Assignment — Starting at the first line of the listing below and ending at the line with "زعماء العالم: ولي العهد قائد طموح وذكي وشجاع", copy each line exactly.

Source material —
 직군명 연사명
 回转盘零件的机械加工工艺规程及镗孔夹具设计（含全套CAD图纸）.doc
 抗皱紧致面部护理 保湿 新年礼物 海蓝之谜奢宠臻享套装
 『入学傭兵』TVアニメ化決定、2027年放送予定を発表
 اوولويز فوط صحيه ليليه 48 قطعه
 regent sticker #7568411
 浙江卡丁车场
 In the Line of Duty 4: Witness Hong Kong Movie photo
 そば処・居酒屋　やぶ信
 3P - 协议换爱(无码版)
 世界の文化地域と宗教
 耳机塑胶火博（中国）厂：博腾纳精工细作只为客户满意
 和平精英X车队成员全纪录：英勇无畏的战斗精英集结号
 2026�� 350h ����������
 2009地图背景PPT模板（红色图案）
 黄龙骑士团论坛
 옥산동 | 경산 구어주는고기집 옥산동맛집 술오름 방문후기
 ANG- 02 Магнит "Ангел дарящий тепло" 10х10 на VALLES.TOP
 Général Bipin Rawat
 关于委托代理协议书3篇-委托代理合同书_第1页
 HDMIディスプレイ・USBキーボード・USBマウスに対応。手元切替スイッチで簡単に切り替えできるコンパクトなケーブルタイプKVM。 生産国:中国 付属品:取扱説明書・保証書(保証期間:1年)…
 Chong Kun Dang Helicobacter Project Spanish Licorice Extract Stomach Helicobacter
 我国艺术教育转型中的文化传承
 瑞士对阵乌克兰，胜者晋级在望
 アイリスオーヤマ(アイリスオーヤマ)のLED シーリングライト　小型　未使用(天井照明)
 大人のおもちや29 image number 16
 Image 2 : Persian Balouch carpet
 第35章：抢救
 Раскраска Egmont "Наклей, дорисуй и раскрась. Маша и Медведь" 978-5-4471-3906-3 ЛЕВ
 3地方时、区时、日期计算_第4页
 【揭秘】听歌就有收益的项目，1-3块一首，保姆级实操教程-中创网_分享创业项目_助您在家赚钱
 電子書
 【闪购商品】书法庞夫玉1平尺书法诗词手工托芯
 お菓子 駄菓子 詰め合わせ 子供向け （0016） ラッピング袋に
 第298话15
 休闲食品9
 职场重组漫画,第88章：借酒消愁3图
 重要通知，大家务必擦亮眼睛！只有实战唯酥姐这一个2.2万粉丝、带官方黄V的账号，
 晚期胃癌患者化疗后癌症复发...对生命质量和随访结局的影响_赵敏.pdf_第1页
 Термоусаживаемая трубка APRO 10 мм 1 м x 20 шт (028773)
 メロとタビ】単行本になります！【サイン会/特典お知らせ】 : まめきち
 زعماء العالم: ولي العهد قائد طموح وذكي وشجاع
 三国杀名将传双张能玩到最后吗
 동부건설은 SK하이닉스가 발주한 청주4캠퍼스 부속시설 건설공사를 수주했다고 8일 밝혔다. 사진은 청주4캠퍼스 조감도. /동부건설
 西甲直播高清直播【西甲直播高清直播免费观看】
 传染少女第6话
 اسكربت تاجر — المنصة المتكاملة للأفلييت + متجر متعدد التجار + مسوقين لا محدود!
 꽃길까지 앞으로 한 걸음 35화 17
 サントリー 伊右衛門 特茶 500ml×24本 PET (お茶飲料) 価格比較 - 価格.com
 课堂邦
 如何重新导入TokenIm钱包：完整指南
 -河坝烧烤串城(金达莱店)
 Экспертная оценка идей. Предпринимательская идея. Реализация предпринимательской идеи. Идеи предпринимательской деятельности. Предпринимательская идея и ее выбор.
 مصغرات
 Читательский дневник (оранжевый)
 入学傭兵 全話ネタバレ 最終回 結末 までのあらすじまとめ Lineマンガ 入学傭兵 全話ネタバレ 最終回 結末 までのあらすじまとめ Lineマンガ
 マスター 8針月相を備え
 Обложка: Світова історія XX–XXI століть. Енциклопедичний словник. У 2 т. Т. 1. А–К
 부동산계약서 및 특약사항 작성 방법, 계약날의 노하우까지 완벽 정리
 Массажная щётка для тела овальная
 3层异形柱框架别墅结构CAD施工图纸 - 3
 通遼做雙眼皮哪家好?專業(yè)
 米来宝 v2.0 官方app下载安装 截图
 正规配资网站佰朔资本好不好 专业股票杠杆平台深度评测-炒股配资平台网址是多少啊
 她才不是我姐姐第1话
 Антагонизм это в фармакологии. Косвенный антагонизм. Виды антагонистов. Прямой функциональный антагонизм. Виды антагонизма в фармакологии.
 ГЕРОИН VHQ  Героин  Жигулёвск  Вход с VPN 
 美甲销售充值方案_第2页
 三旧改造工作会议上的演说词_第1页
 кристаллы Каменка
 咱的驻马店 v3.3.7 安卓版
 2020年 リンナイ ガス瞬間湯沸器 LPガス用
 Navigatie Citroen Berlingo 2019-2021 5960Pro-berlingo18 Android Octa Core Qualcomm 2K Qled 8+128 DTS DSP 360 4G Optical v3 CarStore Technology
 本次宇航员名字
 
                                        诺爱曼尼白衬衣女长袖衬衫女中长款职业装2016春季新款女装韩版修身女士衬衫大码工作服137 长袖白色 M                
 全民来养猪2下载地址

Written solution —
 직군명 연사명
 回转盘零件的机械加工工艺规程及镗孔夹具设计（含全套CAD图纸）.doc
 抗皱紧致面部护理 保湿 新年礼物 海蓝之谜奢宠臻享套装
 『入学傭兵』TVアニメ化決定、2027年放送予定を発表
 اوولويز فوط صحيه ليليه 48 قطعه
 regent sticker #7568411
 浙江卡丁车场
 In the Line of Duty 4: Witness Hong Kong Movie photo
 そば処・居酒屋　やぶ信
 3P - 协议换爱(无码版)
 世界の文化地域と宗教
 耳机塑胶火博（中国）厂：博腾纳精工细作只为客户满意
 和平精英X车队成员全纪录：英勇无畏的战斗精英集结号
 2026�� 350h ����������
 2009地图背景PPT模板（红色图案）
 黄龙骑士团论坛
 옥산동 | 경산 구어주는고기집 옥산동맛집 술오름 방문후기
 ANG- 02 Магнит "Ангел дарящий тепло" 10х10 на VALLES.TOP
 Général Bipin Rawat
 关于委托代理协议书3篇-委托代理合同书_第1页
 HDMIディスプレイ・USBキーボード・USBマウスに対応。手元切替スイッチで簡単に切り替えできるコンパクトなケーブルタイプKVM。 生産国:中国 付属品:取扱説明書・保証書(保証期間:1年)…
 Chong Kun Dang Helicobacter Project Spanish Licorice Extract Stomach Helicobacter
 我国艺术教育转型中的文化传承
 瑞士对阵乌克兰，胜者晋级在望
 アイリスオーヤマ(アイリスオーヤマ)のLED シーリングライト　小型　未使用(天井照明)
 大人のおもちや29 image number 16
 Image 2 : Persian Balouch carpet
 第35章：抢救
 Раскраска Egmont "Наклей, дорисуй и раскрась. Маша и Медведь" 978-5-4471-3906-3 ЛЕВ
 3地方时、区时、日期计算_第4页
 【揭秘】听歌就有收益的项目，1-3块一首，保姆级实操教程-中创网_分享创业项目_助您在家赚钱
 電子書
 【闪购商品】书法庞夫玉1平尺书法诗词手工托芯
 お菓子 駄菓子 詰め合わせ 子供向け （0016） ラッピング袋に
 第298话15
 休闲食品9
 职场重组漫画,第88章：借酒消愁3图
 重要通知，大家务必擦亮眼睛！只有实战唯酥姐这一个2.2万粉丝、带官方黄V的账号，
 晚期胃癌患者化疗后癌症复发...对生命质量和随访结局的影响_赵敏.pdf_第1页
 Термоусаживаемая трубка APRO 10 мм 1 м x 20 шт (028773)
 メロとタビ】単行本になります！【サイン会/特典お知らせ】 : まめきち
 زعماء العالم: ولي العهد قائد طموح وذكي وشجاع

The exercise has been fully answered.